IL VINO PIÙ ANTICO D’ITALIA HA ORIGINI SICILIANE.
Il vino più antico d’Italia e di tutto il Mediterraneo occidentale è stato prodotto in Sicilia quasi 6.000 anni fa. I suoi residui sono stati trovati in una giara risalente all’Età del Rame rinvenuta in una grotta del Monte Kronio, vicino alla città di Agrigento.
A condurre le analisi è stato un gruppo internazionale di ricercatori coordinati dall’archeologo Davide Tanasi, a cui hanno collaborato anche il Consiglio Nazionale delle Ricerche, l’Università di Catania e gli esperti della Soprintendenza ai Beni Culturali di Agrigento.
Oggi grazie a questa interessante scoperta possiamo avere la conferma che la viticoltura e la produzione di vino in Italia sono più antiche di quanto si possa comunemente pensare: entrambe non sarebbero cominciate nell’Età del Bronzo (come ipotizzato finora), ma bensì quasi 3.000 anni prima.
A conferma di questa tesi, precedenti ricerche avevano permesso di rinvenire in Sardegna alcuni semi di malvasia datati tra il 1.300 e il 1.100 a.C., ma questi reperti potevano solamente attestare la pratica della viticoltura. Questa ricerca, invece, identifica i residui della fermentazione, che implicano non solo l’esistenza della viticoltura, ma anche di una vera e propria produzione di vino.
Le tracce di acido tartarico e del suo sale di sodio rinvenute nella giara, non hanno permesso ai ricercatori di conoscere se quell’antichissimo vino fosse bianco oppure rosso.
Anche l’identikit dei suoi produttori non è ancora stato definito con precisione; quello che attualmente si può supporre è che questi territori erano abitati in passato da comunità di agricoltori e allevatori, in cui iniziava a svilupparsi le prime forme di produzione tessile, mentre il settore metallurgico non era ancora così evidente.

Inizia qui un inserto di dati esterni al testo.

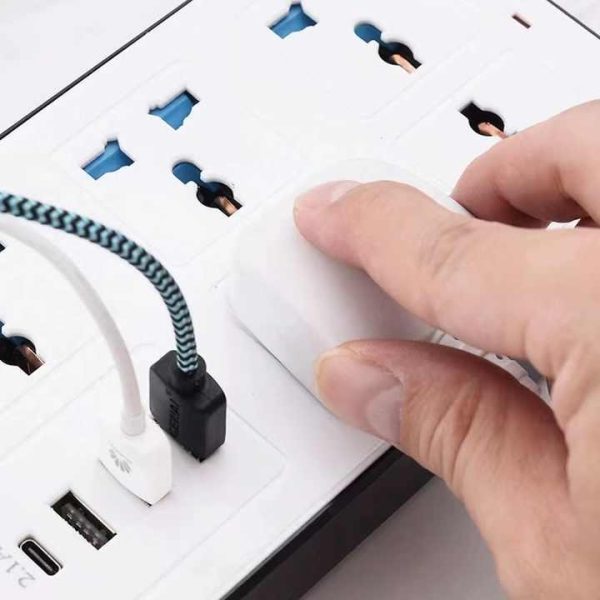 6 Way Socket Surge Protector Power Strip Extension Socket Uk Plug Power Extension Cord Power Cord for Home Application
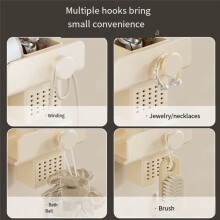 Bathroom Accessories Wall-Mounted Non-Punching Bathroom Hair Dryer Holder Bathroom Organizer Air Duct Storage Holder
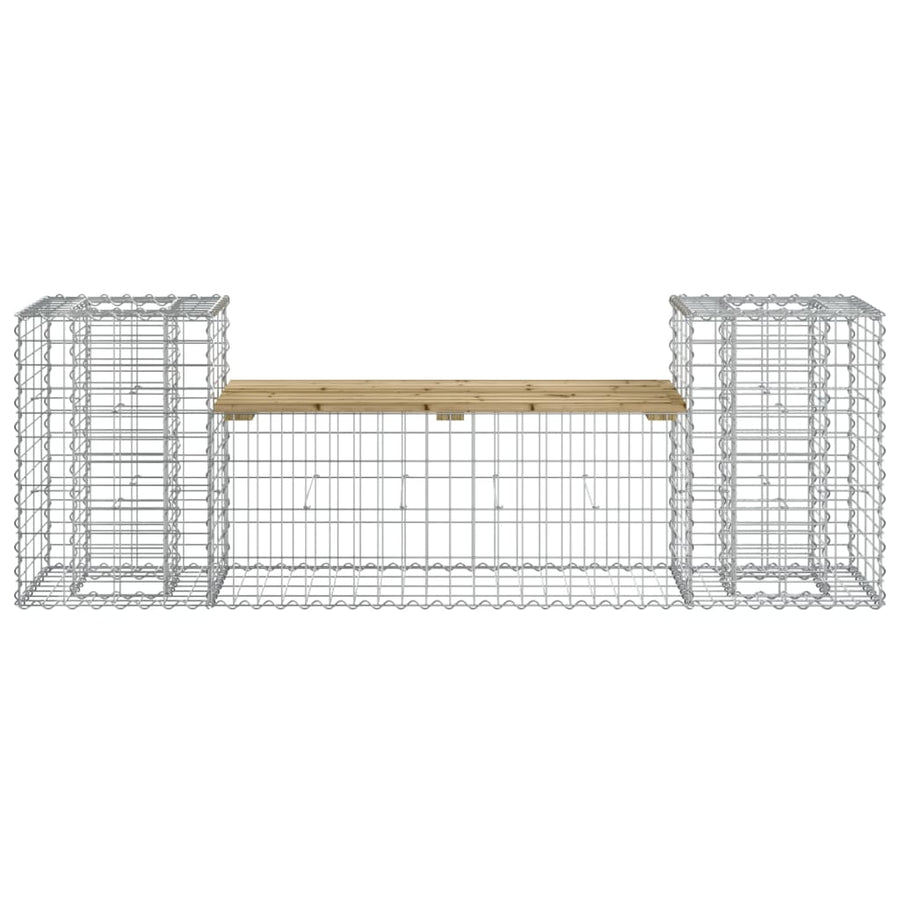 Tuinbank Schanskorfontwerp 83X4X60,5 Cm Geïmpregneerd Hout Donkerbruin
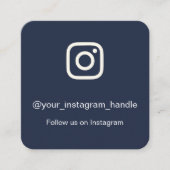Instagram QRコード ビジネスカード | カスタムソーシャル (正面)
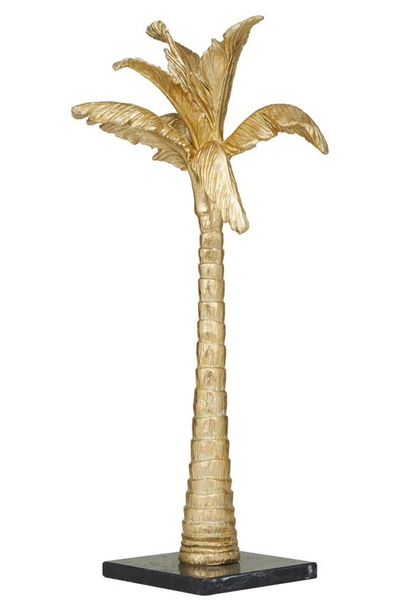 Shop Uma Novogratz Palm Tree Sculpture In Gold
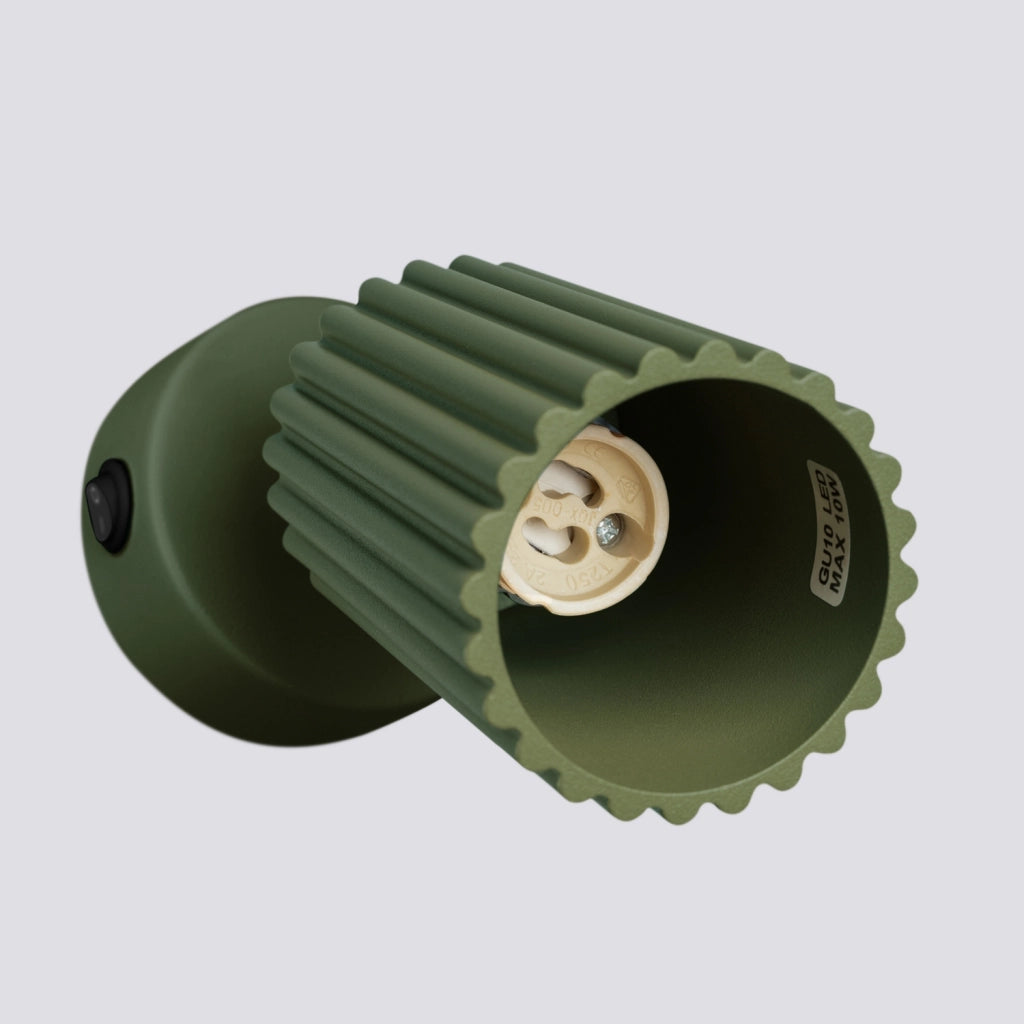 Applique moderna verde oliva orientabile GU10 Pure Lume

In questo contesto, la viticoltura rappresentava un’importante novità in quanto il vino era un bene prezioso che poteva diventare oggetto di scambio e commercio, così come la sua giara in cui era contenuto.
Quelle rinvenute nella grotta del Monte Kronio, scoperte nel 2010 in occasione di un’esplorazione speleologica, venivano probabilmente usate in un contesto sacro, per contenere cibi destinati per onorare la “divinità della montagna”.
Oltre a quella contenente vino, l’equipe di ricercatori ha provveduto ad analizzarne altre cinque, scoprendo che in alcune di esse erano presenti importanti residui di grassi animali e vegetali lasciati probabilmente dalla preparazione di stufati e zuppe.
In conclusione, questa analisi ha permesso di attestare ufficialmente che in Italia la produzione vitivinicola sia diventata fiorente durante l’Età del Bronzo medio, ma che le prime “sperimentazioni”sono indubbiamente più antiche.
Sino ad oggi il primato del vino più antico d’Italia spettava a quello prodotto in Sardegna circa 3.000 anni fa dalla popolazione nuragica. Un vecchio torchio recuperato nel 1993 sul Monte Zara, nei pressi della città di Monastir in Provincia di Cagliari, custodiva evidenti residui organici di acido tartarico.
Inoltre, nel sito nuragico di Sa Osa furono rinvenuti semi appartenenti ad un antichissimo vitigno sempre risalente a 3.000 anni fa.
Oggi secondo alcuni studiosi, le origini della moderna enologia andrebbero ricercate lontane dall’Italia, ovvero in Iran, Cina o Caucaso, dove i primi vini della storia potrebbero essere stati davvero prodotti, quasi per caso, attorno al 7.000 o 8.000 a.C.